▸ **YOUR GOAL**: Starting at the line that contains "E-Red Hotel Melaka Екстер'єр фото", output each line through the end of the data exactly, and nothing more.

▸ **Dataset entries**:
════════
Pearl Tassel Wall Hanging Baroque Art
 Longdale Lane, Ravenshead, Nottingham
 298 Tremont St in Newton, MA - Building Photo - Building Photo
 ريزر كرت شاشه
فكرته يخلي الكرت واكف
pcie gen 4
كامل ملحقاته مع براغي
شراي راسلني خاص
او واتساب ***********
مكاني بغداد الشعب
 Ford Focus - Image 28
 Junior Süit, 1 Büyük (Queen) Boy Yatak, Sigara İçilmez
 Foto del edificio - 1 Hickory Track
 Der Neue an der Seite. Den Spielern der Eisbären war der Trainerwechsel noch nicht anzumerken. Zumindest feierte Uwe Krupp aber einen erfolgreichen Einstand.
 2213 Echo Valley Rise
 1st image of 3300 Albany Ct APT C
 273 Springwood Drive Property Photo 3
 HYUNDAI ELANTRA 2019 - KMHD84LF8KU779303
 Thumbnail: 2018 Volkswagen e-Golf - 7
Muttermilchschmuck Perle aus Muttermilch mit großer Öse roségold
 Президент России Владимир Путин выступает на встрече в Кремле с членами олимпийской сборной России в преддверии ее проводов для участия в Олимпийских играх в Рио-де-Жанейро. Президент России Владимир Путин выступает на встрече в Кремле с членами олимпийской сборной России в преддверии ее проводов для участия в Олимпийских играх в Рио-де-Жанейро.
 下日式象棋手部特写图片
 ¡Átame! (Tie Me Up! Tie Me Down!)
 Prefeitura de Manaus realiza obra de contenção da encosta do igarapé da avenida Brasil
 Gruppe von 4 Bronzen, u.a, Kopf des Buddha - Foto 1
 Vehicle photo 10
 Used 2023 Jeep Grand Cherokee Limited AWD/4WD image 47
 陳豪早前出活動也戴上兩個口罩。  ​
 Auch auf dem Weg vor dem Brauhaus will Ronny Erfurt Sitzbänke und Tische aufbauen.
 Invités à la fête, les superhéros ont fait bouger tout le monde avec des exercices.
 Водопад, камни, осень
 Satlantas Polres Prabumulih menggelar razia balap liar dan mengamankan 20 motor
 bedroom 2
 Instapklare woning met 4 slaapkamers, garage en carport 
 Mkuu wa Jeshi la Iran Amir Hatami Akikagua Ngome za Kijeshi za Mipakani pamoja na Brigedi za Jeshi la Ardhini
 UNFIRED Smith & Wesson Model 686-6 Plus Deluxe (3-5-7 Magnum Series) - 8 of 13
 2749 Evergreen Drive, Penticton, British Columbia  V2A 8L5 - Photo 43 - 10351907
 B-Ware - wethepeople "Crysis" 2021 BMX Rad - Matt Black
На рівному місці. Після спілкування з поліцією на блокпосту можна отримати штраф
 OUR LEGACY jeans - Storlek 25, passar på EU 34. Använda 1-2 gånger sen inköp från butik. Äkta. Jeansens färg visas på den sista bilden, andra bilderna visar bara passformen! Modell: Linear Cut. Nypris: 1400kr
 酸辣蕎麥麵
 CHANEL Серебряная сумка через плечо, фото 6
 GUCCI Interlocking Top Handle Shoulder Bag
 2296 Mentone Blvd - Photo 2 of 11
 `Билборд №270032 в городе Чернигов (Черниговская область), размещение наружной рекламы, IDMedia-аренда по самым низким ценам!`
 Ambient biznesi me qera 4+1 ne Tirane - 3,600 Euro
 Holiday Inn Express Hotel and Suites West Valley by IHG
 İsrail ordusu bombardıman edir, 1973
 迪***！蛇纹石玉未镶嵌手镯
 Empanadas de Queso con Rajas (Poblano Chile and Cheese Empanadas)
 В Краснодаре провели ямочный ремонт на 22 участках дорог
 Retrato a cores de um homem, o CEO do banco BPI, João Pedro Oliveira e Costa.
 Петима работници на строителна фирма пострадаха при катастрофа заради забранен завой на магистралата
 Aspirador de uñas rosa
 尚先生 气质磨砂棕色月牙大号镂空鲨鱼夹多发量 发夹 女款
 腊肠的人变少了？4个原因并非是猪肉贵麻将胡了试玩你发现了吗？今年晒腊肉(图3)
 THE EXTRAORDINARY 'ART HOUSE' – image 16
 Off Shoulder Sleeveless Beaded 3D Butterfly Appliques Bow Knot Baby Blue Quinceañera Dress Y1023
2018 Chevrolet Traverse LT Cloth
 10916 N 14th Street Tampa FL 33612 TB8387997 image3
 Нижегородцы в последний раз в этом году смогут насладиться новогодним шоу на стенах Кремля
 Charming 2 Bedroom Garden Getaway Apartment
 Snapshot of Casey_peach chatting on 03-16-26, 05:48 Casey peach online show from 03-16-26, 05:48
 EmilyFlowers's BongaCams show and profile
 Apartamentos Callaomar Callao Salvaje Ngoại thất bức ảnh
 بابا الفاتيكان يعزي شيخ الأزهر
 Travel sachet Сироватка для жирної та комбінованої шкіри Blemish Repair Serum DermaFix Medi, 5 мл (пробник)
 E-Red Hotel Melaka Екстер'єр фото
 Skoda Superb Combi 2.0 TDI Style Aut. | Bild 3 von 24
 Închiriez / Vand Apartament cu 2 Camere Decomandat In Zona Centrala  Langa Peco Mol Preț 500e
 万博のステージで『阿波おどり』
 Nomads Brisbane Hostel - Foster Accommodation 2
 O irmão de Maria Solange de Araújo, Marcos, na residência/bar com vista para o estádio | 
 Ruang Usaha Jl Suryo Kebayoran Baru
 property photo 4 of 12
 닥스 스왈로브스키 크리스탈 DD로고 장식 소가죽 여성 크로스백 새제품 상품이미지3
════════
▸ **SOLUTION TO THIS EXERCISE**:
 E-Red Hotel Melaka Екстер'єр фото
 Skoda Superb Combi 2.0 TDI Style Aut. | Bild 3 von 24
 Închiriez / Vand Apartament cu 2 Camere Decomandat In Zona Centrala  Langa Peco Mol Preț 500e
 万博のステージで『阿波おどり』
 Nomads Brisbane Hostel - Foster Accommodation 2
 O irmão de Maria Solange de Araújo, Marcos, na residência/bar com vista para o estádio | 
 Ruang Usaha Jl Suryo Kebayoran Baru
 property photo 4 of 12
 닥스 스왈로브스키 크리스탈 DD로고 장식 소가죽 여성 크로스백 새제품 상품이미지3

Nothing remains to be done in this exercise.